But even many of today’s adult Britons are aware that, with the value of their pension pots eroding faster than they are, they will have to continue working longer than expected. But what happens after that? It’s almost impossible to envisage real old age before we get there but, if we are ‘lucky’ enough to reach it, who’s going to take care of us, and how are we going to pay them?
When it comes to long-term care, rules and government budgets are akin to shifting sands but if you or someone you look after is going to need long-term care any time soon, here’s a summary of what to expect…
Staying in your own home
According to a recent long-term care survey carried out by consumer group Which?, 88% of Britons would prefer to stay in their own home as they enter old age – even if they are no longer able to physically cope. And this means drafting in some help.
It is possible to employ care workers – also known as ‘home help’ or ‘care attendants’ – through your Local Authority (find contact details here) who will come to your home and provide personal care and practical support such as shopping, cleaning and cooking.

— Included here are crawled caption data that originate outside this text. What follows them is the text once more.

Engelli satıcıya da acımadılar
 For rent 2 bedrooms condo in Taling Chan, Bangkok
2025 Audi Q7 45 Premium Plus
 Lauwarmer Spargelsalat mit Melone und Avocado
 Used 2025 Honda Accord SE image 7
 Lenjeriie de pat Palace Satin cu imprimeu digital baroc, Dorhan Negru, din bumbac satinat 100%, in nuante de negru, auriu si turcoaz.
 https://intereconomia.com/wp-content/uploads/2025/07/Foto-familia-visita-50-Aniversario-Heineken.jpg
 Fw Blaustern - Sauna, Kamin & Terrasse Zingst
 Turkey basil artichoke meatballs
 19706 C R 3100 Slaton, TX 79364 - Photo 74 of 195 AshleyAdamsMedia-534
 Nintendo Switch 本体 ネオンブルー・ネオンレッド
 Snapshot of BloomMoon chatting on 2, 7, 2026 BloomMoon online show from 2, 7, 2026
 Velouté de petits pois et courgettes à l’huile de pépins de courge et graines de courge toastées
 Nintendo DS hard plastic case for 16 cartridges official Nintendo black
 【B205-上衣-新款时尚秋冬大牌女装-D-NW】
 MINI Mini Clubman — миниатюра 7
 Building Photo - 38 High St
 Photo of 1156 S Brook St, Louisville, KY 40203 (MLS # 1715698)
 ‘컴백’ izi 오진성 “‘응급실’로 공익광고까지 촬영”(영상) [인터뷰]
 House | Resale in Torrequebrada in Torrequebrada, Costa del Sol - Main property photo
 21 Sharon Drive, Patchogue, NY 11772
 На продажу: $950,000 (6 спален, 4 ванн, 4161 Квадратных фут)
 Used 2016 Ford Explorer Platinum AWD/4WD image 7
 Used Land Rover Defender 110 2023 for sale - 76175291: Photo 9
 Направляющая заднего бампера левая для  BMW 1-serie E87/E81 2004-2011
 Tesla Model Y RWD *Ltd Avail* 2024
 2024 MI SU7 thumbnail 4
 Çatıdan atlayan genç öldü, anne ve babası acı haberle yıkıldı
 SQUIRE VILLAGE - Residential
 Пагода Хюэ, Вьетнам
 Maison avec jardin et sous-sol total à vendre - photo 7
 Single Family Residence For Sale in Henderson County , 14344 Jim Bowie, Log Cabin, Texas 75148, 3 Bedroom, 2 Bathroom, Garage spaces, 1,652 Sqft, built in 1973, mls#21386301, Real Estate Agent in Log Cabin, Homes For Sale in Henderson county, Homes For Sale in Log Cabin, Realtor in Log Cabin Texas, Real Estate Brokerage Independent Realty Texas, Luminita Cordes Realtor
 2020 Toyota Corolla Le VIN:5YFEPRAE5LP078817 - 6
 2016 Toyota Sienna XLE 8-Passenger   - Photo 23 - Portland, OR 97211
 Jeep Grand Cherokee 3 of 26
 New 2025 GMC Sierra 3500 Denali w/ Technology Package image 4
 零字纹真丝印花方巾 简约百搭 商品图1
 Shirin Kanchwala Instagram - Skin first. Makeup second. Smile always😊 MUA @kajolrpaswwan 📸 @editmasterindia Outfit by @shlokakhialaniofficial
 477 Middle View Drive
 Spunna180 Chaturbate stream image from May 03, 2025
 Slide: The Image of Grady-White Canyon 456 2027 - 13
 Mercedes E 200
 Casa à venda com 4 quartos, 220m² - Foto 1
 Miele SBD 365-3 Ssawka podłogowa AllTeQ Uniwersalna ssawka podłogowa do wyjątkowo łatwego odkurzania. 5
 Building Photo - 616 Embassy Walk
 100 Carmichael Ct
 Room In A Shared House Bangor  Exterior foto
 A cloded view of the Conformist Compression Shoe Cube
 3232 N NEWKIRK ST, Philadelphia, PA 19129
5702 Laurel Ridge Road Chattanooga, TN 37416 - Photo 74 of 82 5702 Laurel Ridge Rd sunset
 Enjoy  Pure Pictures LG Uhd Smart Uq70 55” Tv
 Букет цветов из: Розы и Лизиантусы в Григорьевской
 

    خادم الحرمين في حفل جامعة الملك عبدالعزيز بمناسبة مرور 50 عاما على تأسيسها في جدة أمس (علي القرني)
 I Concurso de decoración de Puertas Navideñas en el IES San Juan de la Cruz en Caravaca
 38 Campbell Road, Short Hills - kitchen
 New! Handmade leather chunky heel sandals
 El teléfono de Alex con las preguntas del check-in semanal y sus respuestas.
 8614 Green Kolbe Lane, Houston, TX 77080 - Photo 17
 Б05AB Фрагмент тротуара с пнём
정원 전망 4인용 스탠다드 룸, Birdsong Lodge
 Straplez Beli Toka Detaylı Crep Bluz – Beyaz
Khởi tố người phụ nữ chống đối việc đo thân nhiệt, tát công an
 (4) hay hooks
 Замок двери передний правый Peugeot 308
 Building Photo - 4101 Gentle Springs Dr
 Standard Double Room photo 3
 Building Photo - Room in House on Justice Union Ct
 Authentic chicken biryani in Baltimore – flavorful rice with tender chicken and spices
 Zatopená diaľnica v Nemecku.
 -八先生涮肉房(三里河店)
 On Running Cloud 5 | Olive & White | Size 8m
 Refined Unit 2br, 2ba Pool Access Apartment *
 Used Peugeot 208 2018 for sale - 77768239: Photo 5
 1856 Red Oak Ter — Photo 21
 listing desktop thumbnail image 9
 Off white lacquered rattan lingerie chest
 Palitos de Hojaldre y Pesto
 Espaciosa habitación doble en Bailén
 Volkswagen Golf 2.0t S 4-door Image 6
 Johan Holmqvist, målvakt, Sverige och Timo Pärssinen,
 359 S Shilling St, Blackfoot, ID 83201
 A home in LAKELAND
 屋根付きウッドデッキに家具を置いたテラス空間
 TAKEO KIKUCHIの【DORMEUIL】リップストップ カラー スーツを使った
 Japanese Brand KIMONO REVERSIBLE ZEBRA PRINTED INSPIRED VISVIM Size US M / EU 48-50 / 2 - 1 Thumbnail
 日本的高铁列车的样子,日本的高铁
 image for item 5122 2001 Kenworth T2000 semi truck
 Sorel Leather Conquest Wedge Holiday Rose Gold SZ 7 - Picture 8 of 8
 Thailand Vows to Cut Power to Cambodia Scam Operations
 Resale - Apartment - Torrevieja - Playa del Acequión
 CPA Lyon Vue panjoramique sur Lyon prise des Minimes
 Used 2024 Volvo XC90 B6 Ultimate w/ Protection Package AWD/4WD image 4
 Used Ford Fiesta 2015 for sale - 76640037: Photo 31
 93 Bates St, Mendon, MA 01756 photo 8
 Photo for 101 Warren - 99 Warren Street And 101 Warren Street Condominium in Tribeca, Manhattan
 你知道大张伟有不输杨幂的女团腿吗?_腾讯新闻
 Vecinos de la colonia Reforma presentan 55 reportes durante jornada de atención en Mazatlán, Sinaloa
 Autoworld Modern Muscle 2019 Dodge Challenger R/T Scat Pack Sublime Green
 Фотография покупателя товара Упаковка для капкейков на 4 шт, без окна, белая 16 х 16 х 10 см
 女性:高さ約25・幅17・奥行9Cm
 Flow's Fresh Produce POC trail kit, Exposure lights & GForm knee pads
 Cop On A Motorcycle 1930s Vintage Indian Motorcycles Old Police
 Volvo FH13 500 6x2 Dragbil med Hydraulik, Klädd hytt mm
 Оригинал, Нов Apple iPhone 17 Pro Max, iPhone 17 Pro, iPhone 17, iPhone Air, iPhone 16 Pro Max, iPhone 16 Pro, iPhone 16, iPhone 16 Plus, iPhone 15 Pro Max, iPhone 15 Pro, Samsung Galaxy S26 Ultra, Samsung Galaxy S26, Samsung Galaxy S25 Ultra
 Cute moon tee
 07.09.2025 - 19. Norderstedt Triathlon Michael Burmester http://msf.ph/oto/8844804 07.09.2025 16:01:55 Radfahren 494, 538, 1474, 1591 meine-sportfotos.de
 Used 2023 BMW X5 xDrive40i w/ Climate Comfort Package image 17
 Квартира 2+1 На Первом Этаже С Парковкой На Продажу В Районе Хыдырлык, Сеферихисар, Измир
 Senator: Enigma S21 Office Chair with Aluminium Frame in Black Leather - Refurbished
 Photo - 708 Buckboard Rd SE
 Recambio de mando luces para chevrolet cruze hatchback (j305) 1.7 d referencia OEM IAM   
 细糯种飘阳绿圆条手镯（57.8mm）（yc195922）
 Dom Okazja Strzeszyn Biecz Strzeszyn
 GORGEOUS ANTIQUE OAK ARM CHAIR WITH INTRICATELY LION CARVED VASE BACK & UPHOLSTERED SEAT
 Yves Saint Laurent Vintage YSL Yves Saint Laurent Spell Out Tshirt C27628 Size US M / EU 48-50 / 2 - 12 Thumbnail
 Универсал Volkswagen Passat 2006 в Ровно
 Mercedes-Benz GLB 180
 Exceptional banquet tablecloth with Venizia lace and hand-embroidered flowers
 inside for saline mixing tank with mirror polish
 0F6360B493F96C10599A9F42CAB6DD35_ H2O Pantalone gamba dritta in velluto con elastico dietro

You will first need to pass a community care assessment test and demonstrate you are unable to complete tasks like this independently.
After the community care assessment, you will be told what care you might be eligible for. You will then need to undergo a separate financial assessment to establish how much you can afford to contribute to this cost.
Unfortunately, state support for care at home varies considerably between Local Authorities so your post code as well as your wallet will also determine the amount you may be able to claim.
If you are not eligible for Local Authority funding, it is possible to organise private care in the home through an independent home care provider. Make sure it is regulated by the Care Quality Commission as it legally should be. It may also be worth checking out local charities in your area, such as Age UK, to see if there is any other free support available to keep you in your home.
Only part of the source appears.